Die Baubetriebshöfe in Kommunen sind weit mehr als nur ein „Anhängsel“ der Stadt- bzw. Gemeindeverwaltungen.Dennoch haben sie fast keine eigene Lobby, die sich für ihre Interessen einsetzen würde. Das soll sich nun ändern: Im März 2017 wurde erstmals ein Arbeitskreis Baubetriebshöfe (AKB) auf Bundesebene im Verband kommunaler Unternehmen (VKU) gegründet. Der Aufbau der einzelnen Arbeitsgruppen in den Bundesländern schreitet voran. Nun sei es an der Zeit, die Verbandsarbeit aufzunehmen und Taten sprechen zu lassen, erklärt Hans-Jürgen Schiffner (58), Fachbereichsleiter bei der Stadtverwaltung Heidenheim und Vorsitzender des AKB. Denn es gebe einige aktuelle Themen, bei denen die Baubetriebshöfe – als direkt betroffene – ein Mitspracherecht haben sollten – ganz vorne mit dabei der Streitpunkt einer möglichen zukünftigen Umsatzsteuerverpflichtung (§2B) oder auch das Urteil zu den Preisabsprachen unter LKW-Herstellern. Im Interview mit Bauhof-online spricht Schiffner nicht nur über die inhaltlichen Schwerpunkte des AKB, sondern auch über seine Entstehungsgeschichte sowie den Nutzen, den Kommunen aus einer Mitgliedschaft ziehen können.
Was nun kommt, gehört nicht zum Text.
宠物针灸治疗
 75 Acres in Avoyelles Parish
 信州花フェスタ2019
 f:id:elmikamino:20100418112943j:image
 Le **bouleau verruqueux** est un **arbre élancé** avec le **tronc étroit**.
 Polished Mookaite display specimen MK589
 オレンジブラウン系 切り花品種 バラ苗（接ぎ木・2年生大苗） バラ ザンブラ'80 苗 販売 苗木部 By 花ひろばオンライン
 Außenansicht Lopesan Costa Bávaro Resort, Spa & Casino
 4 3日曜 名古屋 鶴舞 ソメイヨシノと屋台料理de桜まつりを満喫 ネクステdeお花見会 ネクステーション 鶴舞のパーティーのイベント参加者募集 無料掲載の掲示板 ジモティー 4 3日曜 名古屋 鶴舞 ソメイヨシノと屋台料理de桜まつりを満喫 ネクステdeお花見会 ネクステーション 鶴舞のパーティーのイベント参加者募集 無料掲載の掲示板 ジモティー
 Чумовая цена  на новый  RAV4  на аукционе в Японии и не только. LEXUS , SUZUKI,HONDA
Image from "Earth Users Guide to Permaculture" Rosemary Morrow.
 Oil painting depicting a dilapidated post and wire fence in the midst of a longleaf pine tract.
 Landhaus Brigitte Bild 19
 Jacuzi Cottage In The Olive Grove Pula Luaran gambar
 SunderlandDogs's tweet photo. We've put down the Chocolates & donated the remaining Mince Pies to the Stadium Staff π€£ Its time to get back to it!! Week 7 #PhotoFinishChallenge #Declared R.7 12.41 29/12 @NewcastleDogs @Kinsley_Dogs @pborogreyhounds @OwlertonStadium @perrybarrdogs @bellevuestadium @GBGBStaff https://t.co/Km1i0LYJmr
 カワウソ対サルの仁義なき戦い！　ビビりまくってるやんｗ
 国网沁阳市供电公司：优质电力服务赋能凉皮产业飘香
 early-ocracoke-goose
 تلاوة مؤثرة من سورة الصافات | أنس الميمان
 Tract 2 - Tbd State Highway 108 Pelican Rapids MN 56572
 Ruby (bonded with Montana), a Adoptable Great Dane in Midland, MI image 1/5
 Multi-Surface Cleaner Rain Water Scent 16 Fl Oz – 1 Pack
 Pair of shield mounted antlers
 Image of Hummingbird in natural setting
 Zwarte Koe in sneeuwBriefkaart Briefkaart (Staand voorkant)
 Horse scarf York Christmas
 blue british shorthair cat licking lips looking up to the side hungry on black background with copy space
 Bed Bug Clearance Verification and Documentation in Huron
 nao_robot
Herr Schiffner, welche Geschichte steckt hinter der Gründung des VKU-Arbeitskreises Baubetriebshöfe auf Bundesebene?
Seit 2000 bin ich bei der Stadtverwaltung Heidenheim als Fachbereichsleiter tätig. Irgendwann habe ich dann, zusammen mit dem Städtetag Baden-Württemberg, die Arbeitsgruppe Betriebshöfe im Städtetag Baden-Württemberg gegründet und knapp fünf Jahre lang geleitet. Schließlich haben wir uns in der Arbeitsgruppe der Betriebsleiter im Städtetag gesagt: Was wir hier in Baden-Württemberg mit der Arbeitsgruppe machen, das funktioniert so brillant, das müsste man eigentlich auch auf Bundesebene machen können – also eine Vernetzung unter allen Baubetriebshofleitern in den Bundesländern. Hier in Baden-Württemberg sind wir mittlerweile ein relativ eingeschworener Kreis von Baubetriebshofleitern. Wir haben teilweise die Nummern der Kollegen fest bei uns in den Telefonen eingespeichert. Ein Knopfdruck reicht und man kann mal eben den Kollegen anrufen und etwas nachfragen. Dazu kommt, dass ich seit fast 30 Jahren Referent an verschiedenen Akademien und Hochschulen zu allen möglichen Themen rund um den Bauhof und dadurch natürlich in ganz Deutschland unterwegs bin. Ich bekomme also mit, was meine Bauhofleiterkollegen in der ganzen Bundesrepublik so alles an tollen Dingen machen – aber eben immer nur auf ihrer kleinen Regionalschiene und nicht auf Bundesebene. Dabei haben wir die positiven Auswirkungen einer interkommunalen Zusammenarbeit erstmals bei der gemeinsamen Salzausschreibung, die wir mittlerweile seit einigen Jahren durchführen, machen dürfen. Am Anfang beinhaltete sie nur die Teilnahme von Baden-Württemberger Kommunen. Heute können dagegen alle Kommunen aus Deutschland mitmachen, wenn sie wollten. Die Preise, die bei so einer gemeinsamen Ausschreibung dann auf einmal entstehen, sind natürlich gigantisch günstig.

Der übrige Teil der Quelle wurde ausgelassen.